Washington: Scientists have developed an inexpensive wireless sensor to classify different insect species with up to 99 per cent accuracy, that could help protect crops from insect damage and limit the spread of insect-borne diseases such as malaria and dengue fever.
Over the past 60 years, insect classification research has been limited by factors including an over-reliance on acoustic sensing devices, a heavy focus on wing-beat frequency and limited data, researchers said.
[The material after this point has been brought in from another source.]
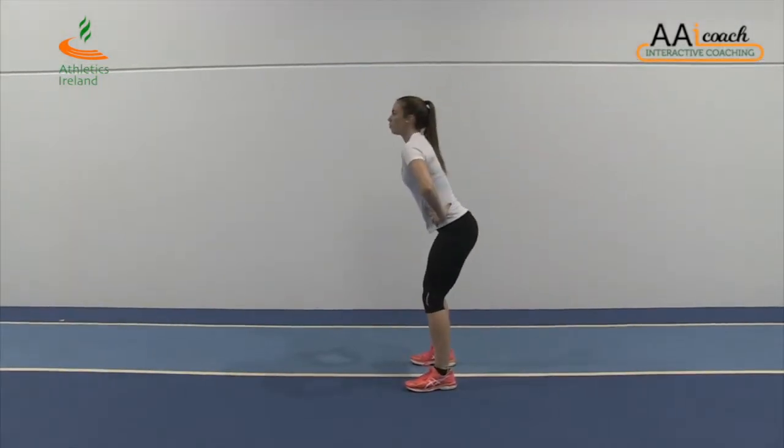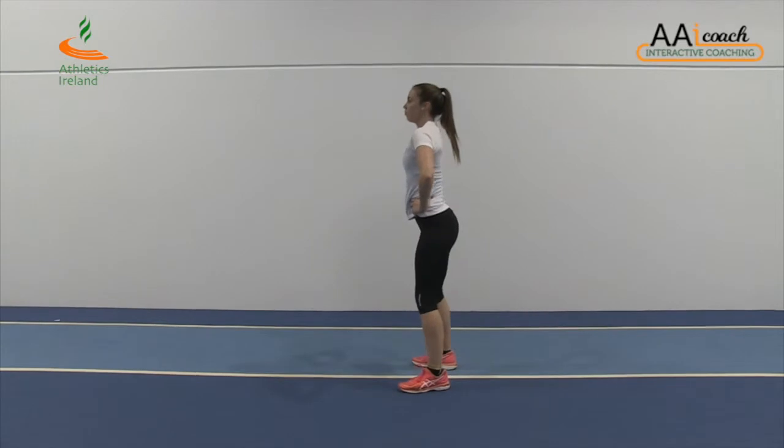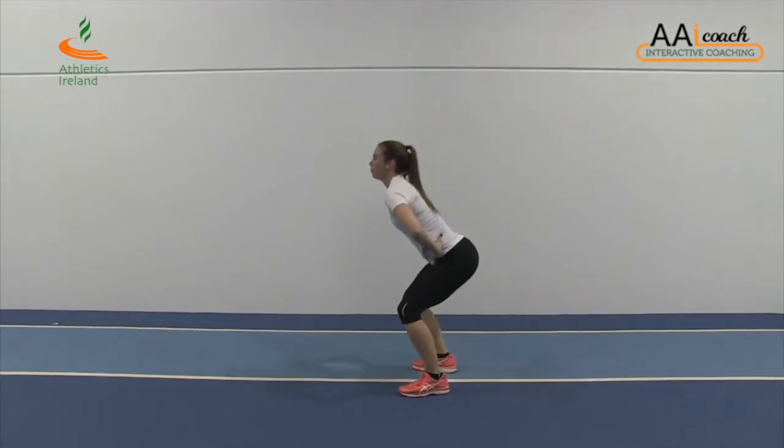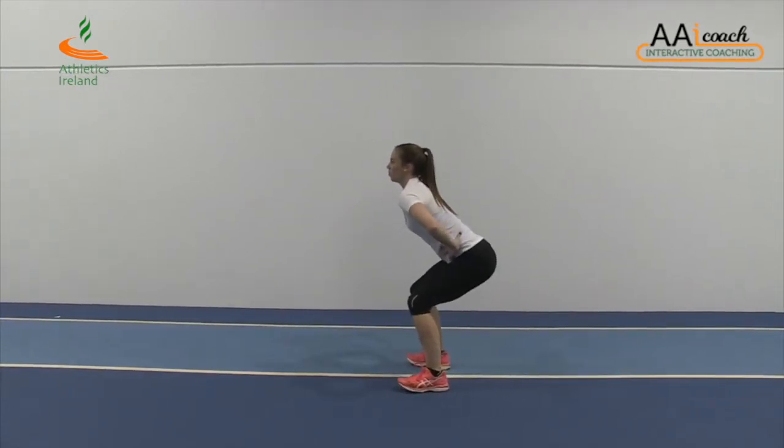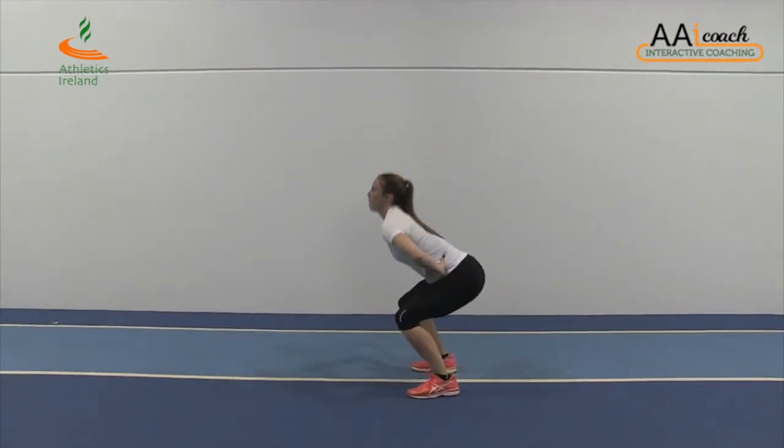As the athlete lands, they absorb the force on contact with the ground by flexing the hips and knees, ending in a squat position. During the landing phase, the emphasis should be on a soft landing and controlling knee position.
The University of California, Riverside researchers overcame those limitations by building an inexpensive wireless bug sensor that can track many insect flight behaviour patterns and generate much larger amounts of data that can then be incorporated into classification algorithms.
In about three years, by having dozens of sensors running in parallel 24 hours a day, researchers have collected tens of millions of data points, more than all previous work in this field combined.
"We set out not knowing what was possible," said Eamonn Keogh, a computer science professor at UC Riverside`s Bourns College of Engineering.
"Now, the problem is essentially solved. We have created insect classification tools that can outperform the world`s top entomologists in a fraction of the time," said Keogh.
The sensor consists of a phototransistor array, which is connected to an electronic board and a laser pointing at the phototransistor array.
When the insect passes across the laser beam, its wings partially block the light, causing a small light fluctuation.
The fluctuations are captured by the phototransistor array as changes in current, the signal is then filtered and amplified by the custom designed electronic board.
The output of the electronic board is fed into a digital sound recorder and recorded as an MP3 and downloaded to a computer.
The goal is to make this automated classification method as simple, inexpensive and ubiquitous as current methods such as sticky traps and interception traps, but with digital advantages such as higher accuracy, real-time monitoring and the ability to collect additional flight behaviour patterns.
In their experiments, researchers worked with six species of insects. As they added additional insect flight behaviour patterns to their classification algorithm, they were able to increase their success classifying the different species.
For example, using only wing-beat sounds they had an 88 per cent success rate. When they added time of day the success rate jumped to 95 per cent. Then, after adding location, the success rate increased to 97 per cent.
The research appears in the Journal of Insect Behaviour.